At Princeton, prospective applicants can read past winners’ application essays, and Fulbright candidates can view the form that an on-campus committee will use to evaluate them in their interview to earn a campus nomination, according the website for the university’s Office of International Programs, which handles international fellowship advising. Princeton has produced 201 Rhodes winners, 126 Marshall winners, and 31 Truman winners.

Yale, which has contributed 233 Rhodes winners, 108 Marshall winners, and 57 Truman winners, has a fellowships program administered by the university’s Center for International and Professional Experience (CIPE). According to the CIPE website, the fellowships program hosts workshops to help with application proposals, as well as multiple information sessions geared specifically toward freshmen and sophomores each fall. Spring information sessions focus on how to write essays for national fellowship applications, aimed at students looking to apply the following fall.

With an undergraduate student population approximately half the size of BC’s, Wake Forest University has produced 15 Rhodes winners, including 13 since 1986. The Wake Forest Scholars Program, according to the university’s website, “identifies and promotes high academic and civic achievement among undergraduate students from a wide variety of backgrounds and intellectual interests,” and serves as a postgraduate scholarship and fellowship education and preparation program.

The University of Notre Dame has three full-time employees dedicated to fellowships advising, two of whom are focused on undergraduate advising, according to Jeffrey Thibert, assistant director of national fellowships at Notre Dame. The Center for Undergraduate Scholarly Engagement hosts both in-person and YouTube-based information sessions for prospective applicants, as well as application workshops and feedback systems. BC has produced more Marshall and Truman winners than Notre Dame (7 Marshalls, 11 Trumans), yet Notre Dame has produced 14 Rhodes winners.

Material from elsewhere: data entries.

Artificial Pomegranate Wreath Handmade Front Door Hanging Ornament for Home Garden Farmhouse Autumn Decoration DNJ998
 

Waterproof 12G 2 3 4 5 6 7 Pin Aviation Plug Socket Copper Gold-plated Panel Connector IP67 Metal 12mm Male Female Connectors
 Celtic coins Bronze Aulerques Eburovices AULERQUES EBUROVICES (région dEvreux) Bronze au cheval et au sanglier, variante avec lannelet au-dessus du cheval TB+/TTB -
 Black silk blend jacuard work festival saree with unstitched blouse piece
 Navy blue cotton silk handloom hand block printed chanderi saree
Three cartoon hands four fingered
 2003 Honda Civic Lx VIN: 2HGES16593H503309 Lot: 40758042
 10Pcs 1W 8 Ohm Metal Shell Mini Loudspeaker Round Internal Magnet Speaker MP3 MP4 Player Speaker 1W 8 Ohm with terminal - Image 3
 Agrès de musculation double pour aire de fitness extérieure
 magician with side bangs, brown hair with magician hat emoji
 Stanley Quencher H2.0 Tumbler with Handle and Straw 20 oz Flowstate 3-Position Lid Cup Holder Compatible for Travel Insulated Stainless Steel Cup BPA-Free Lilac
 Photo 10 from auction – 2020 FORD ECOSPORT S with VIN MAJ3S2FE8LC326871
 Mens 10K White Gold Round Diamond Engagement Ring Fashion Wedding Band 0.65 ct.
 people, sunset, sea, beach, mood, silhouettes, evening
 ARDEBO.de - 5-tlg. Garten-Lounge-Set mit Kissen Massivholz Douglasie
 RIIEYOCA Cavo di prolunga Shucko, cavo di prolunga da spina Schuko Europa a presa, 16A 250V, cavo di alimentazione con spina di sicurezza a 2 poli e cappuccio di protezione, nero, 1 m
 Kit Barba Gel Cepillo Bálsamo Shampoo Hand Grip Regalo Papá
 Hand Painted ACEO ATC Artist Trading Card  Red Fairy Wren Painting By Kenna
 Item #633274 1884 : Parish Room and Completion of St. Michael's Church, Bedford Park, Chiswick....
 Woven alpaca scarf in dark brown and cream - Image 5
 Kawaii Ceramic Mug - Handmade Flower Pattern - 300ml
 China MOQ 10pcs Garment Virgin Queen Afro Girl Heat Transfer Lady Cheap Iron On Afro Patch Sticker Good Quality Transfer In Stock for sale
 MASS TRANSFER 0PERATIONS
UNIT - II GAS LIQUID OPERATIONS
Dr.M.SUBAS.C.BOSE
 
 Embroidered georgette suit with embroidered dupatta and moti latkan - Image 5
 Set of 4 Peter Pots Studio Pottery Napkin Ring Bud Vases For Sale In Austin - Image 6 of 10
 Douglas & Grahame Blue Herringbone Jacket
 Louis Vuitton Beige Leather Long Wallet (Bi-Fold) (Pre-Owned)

Some universities, such as Georgetown, have produced over 20 winners of each the Rhodes, Marshall, and Truman scholarships, yet face a lack of funding for student services such as fellowship advising and only small offices to support applicants. According to Lauren Tuckley, associate director of Georgetown’s Office of Fellowships, Awards, and Research, the office has four employees and serves as a clearinghouse for all applications. This is an improvement from 10 years ago, when professors—whose first priority is research, then teaching, and at last, something like fellowship advising, she said—took the lead.

Programs at institutions such as Yale, Notre Dame, and the University of Pennsylvania, though, are what she called the “gold standard” of fellowships advising—prime examples, Tuckley said, of what she would want for Georgetown if money were not an object.

Featured Image by Daniel Lee / Heights Senior Staff

November 17, 2014

ONE COMMENT ON THIS POST To “BC Excels in Fulbrights, Lags Behind In Other Major Fellowships”

  1. As Grinnell’s former scholarship and fellowship director, I disagree with your assertion that the location of the institution “may account” for how many scholarships a school has historically won.

    The Rhodes districts are tweaked every year so that they are more-or-less equally competitive, both in terms of the size of the applicant pool and, historically, the strength of candidates from each state. Additionally, schools like Harvard and MIT draw students from across the country, and their applicants are given a choice of where to apply — their home state or where they go to school. Many of them, therefore, are not competing in District 1.

    Let’s discuss Fulbright, too, since that is a major focus of this article. In 2012-13, BC had 18 Fulbright scholars out of 64 applicants; that same year, Grinnell (student pop approx. 1/10th of BC’s) had 13 Fulbright scholars out of 55 applicants. Home state geography plays no role whatsoever in Fulbright selection, yet Grinnell students put up comparable numbers despite being vastly outnumbered by their BC peers.

    Schools like Grinnell and Carleton do well in scholarship competitions because they have outstanding students who write terrific applications, not because of an unfair geographical advantage.